Welcome, fellow genealogists! My blog will teach you about U.S. land records and United Kingdom research. My family has roots in Niagara County, New York; Norfolk, England; and northeast Germany.

Wednesday, January 18, 2012

Wisdom Wednesday: Parish of Legal Settlement

As Americans, we can live wherever we choose. There is some grousing about poor people moving because a different state has better benefits, but not to any great extent, at least in my locale. For years, England handled poor relief in a way that tied people to a place.

Every English person had a place where they belonged and where they were entitled to poor relief. This place was known as their ‘parish of legal settlement.’ While the economy was agrarian, people were not mobile, and the system worked reasonabIy well.

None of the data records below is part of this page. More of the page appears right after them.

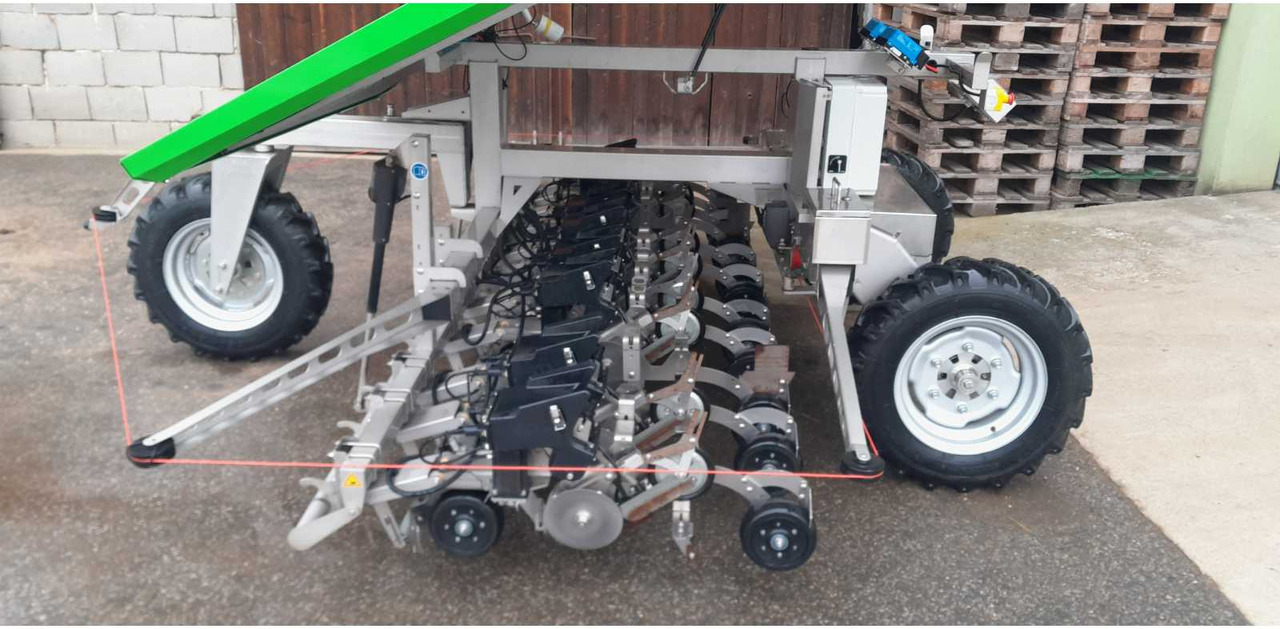 Farmdroid FD 20 - Einzelkornsämaschine: das Bild 4 Farmdroid FD 20 - Einzelkornsämaschine: das Bild 4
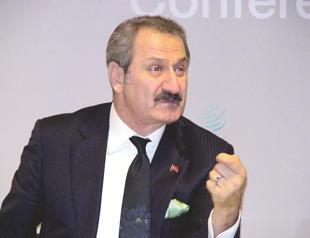 Trucks bypass Syria on ships to Egypt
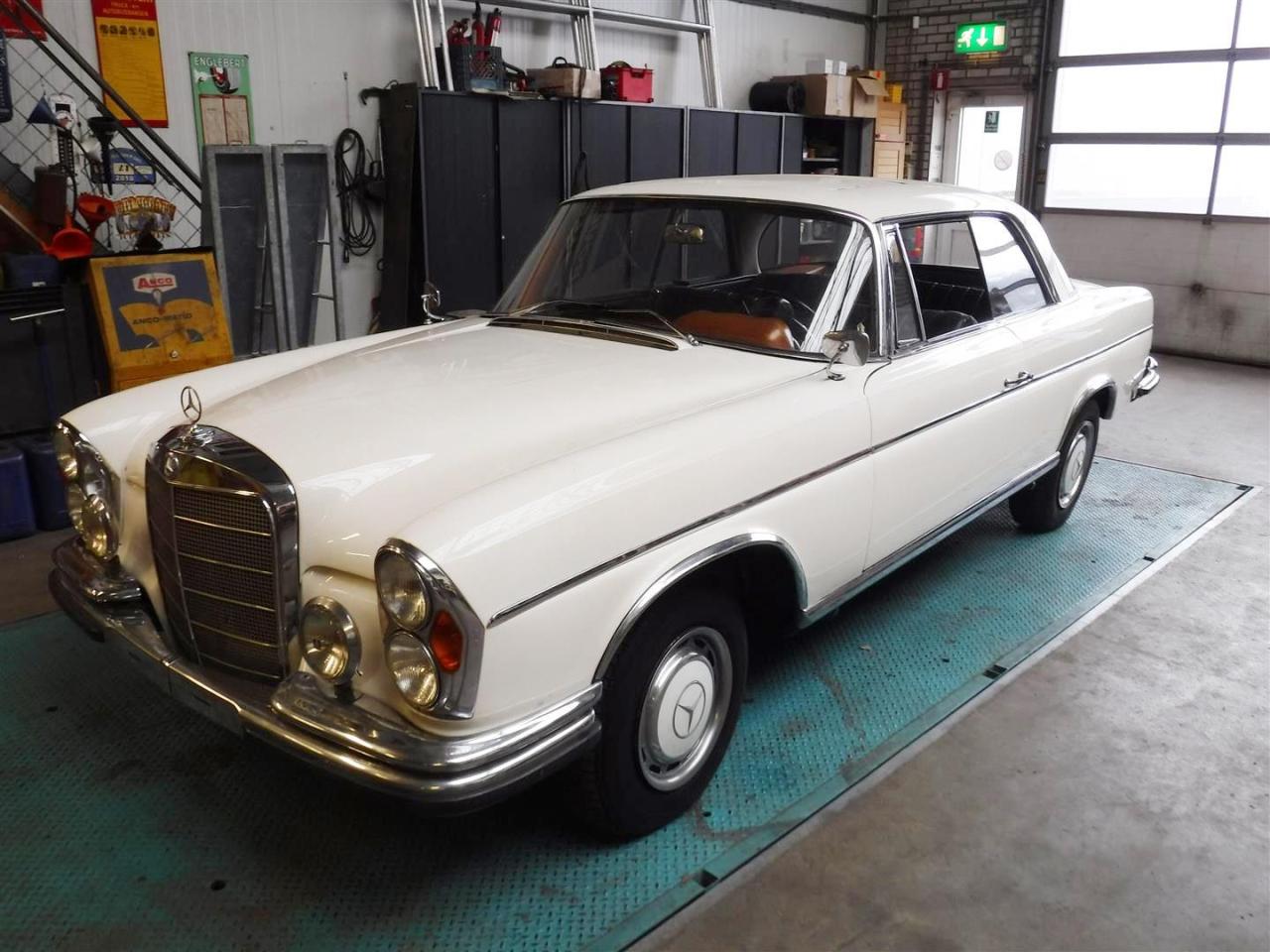 1962 Mercedes - Benz 300SE Coupe white W112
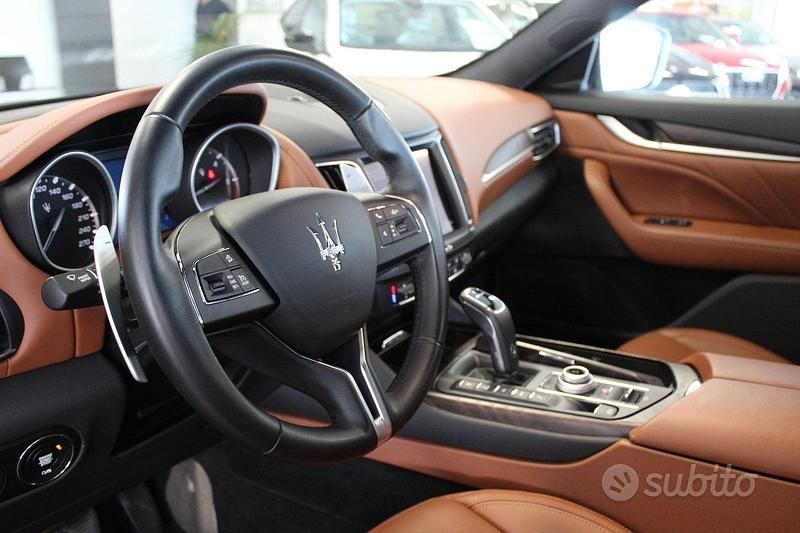 Usata Maserati Levante 275 CV (202 kW) 2020 Grigio SUV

When people wanted to move for a better job or better housing, trouble arose.
If a person was successful and had lived in the new parish a few years before needing help, the new parish was willing to give it, but if a person applied for assistance too soon, the overseers in the new parish were inclined to send them back to their former parish. A Removal Order was issued stating that a family or person was to be returned to their parish of legal settlement. It meant that they were physically taken from the new parish, at least over the boundary line, if not all the way to the legal parish.
In 1662, a law was passed to give officials criteria to determine a person’s legal residence:

o  Someone who held public office in the parish, or paid the parish poor rate
      o  Someone who rented property in the parish over a certain value

o  An unmarried person who lives in the parish more than one year
      o  A woman who had married a man of the parish.

o  A legitimate child, under age 7, whose father lived in the parish
      o  An illegitimate child born in the parish

o  An apprentice to a master in the parish
      o  A resident for 40 days who gave the authorities prior written notice of his intention to live in the parish.
From Mark Herber, Ancestral Trails, page 345
Rules were strictly enforced. By 1800, laws softened somewhat and settlement was less an issue. People could no longer be removed if sick or if just poor, but not on relief. Parish officials or Justices of the Peace could question newcomers.

Records from a settlement examinations or disputes might include the person’s:
      n  Place of birth

      n  Employment or apprenticeship details

      n  Places they have lived over a period of time

If these records exist, they are with the parish records or court records at the County Record Office.